4 new tests: multi-modal forward pass, text-only construction has no vision encoder, helpful error when images are passed to a text-only model, and the text-only attention-mask shape.

Design notes

The SigLIP encoder (vision.py), the embedding-merge helper (merge_embeddings.py), and the bidirectional-causal attention mask (utils.py) are reused from tunix.models.gemma3 to avoid ~900 lines of duplication; they have no Gemma 3-specific assumptions. Happy to refactor these into a shared tunix.models.common namespace if reviewers prefer.
The change is strictly additive: vision_config defaults to None, images defaults to None. Existing Gemma 4 call sites and tests are unaffected.

Usage

from tunix.models.gemma4 import model as model_lib
from tunix.models.gemma4 import params_safetensors

config = model_lib.ModelConfig.gemma4_e4b(text_only=False)  # enables SigLIP
model = params_safetensors.create_model_from_safe_tensors(
    file_dir=ckpt_path, config=config, mesh=mesh, dtype=jnp.bfloat16,
)

logits, _ = model(
    tokens,
    positions=positions,
    attention_mask=model.get_attention_mask(tokens),
    images=images,
)

Enables SFT/LoRA/RL of Gemma 4 with text+image inputs, mirroring the SigLIP-based integration already present in Gemma 3. The training and sampling infrastructures (peft_trainer, sampler, rl/common) already forward an `images` kwarg to the model; this change closes the gap at the model level so they actually work end-to-end on Gemma 4. Specifically: - `ModelConfig` gains an optional `vision_config: SigLIPConfig | None`, exposed via a `text_only=True` parameter on the e2b/e4b/31b/26b-a4b factory classmethods (matching gemma3_*_pt/it). - `ShardingConfig` gains a `siglip` field for the encoder's sharding. - `Embedder` optionally builds the `mm_input_projection` and `mm_soft_embedding_norm` layers and exposes `encode_vision`. - `Gemma4.__init__` constructs a `SigLiP` encoder when a vision config is set; `__call__` accepts an `images` kwarg and merges the soft vision tokens into the text embeddings at the placeholder positions. - Adds `get_attention_mask` (bidirectional over image spans) and `get_model_input` (used for LoRA tracing) on the model. - `params_safetensors._get_key_and_transform_mapping` adds vision-tower and multi-modal projector mappings when vision is enabled. The SigLIP encoder, embedding-merge utility and attention-mask helper are reused from `tunix.models.gemma3` to avoid ~900 lines of duplication; they have no Gemma 3-specific assumptions. Tests: 4 new tests cover text-only construction, multi-modal forward pass, the helpful error when images are passed without a vision encoder, and the text-only attention mask shape. All existing Gemma 3/4 tests continue to pass.
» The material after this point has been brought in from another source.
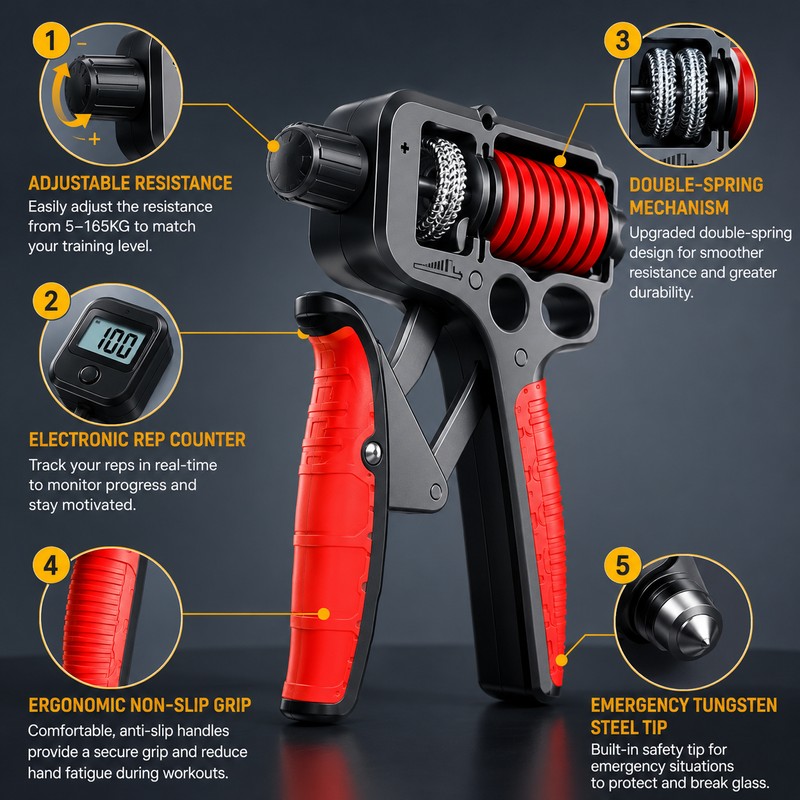 Adjustable Hand Grip Strengthener for Forearm Training – 5–165kg Steel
tianshub · 2026-06-02T17:01:24Z

Hi @msghik thanks for adding the vision support. Can you paste a sample output for the multi-modal change?

tianshub

Hi @msghik thanks for adding the vision support. Can you paste a sample output for the multi-modal change?
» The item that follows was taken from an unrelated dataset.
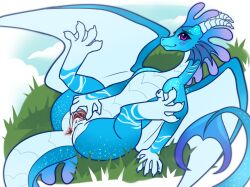2025 anus blue_body blush bodily_fluids claws colored cum cum_from_vagina cum_in_vagina cum_inside digital_drawing_(artwork) digital_media_(artwork) dragon female feral flat_colors genital_fluids genitals hi_res horn konejo leaking_cum legs_up looking_at_viewer lying membrane_(anatomy) membranous_wings mythological_creature mythological_scalie mythology non-mammal_vulva nude on_back on_grass on_ground pink_anus pink_vulva presenting presenting_vulva purple_eyes scalie smile smiling_at_viewer solo spread_legs spread_vulva spreading tail vulva wings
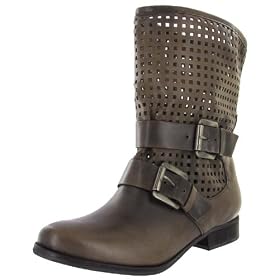 Buy STEVE MADDEN Favvor Ladies Casual Dress Cutout Mid Calf Pull On Leather Motorcycle Boots Shoes... by Steve Madden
msghik · 2026-06-21T16:15:52Z

Hi @tianshub, sorry for the late response. I had been busy past couple of weeks. I figured out that there is a bug in this pull request that makes inference slow with my A100 GPU, something like 3 tokens/sec. I resolved the issue and open another pull request Link, I believe we should contniue our conversation there.

regarding your questoin:

Here's an end-to-end sample from the multimodal path — google/gemma-4-E2B-it captioning a real photo (the standard COCO image,
image: two cats sleeping on a pink couch with two TV remotes):

 $ python examples/gemma4/multimodal_generate.py \
  --ckpt ~/gemma-4-E2B-it --image cats.jpg \
   --prompt "What is in this image?"

Detected Gemma4 text variant: E2B
Image: 266 soft tokens (2394 raw patches)
Prompt: 'What is in this image?' (prompt length: 273 tokens)

=== Caption ===
This image contains two tabby cats lying on a pink surface. There are also
some remote controls visible in the background.

The image features, text prompt, and KV cache all flow through correctly — it picks up both cats, the pink surface, and the remotes. With a more detailed prompt it
gives a full paragraph (per-cat coat patterns, positions, etc.).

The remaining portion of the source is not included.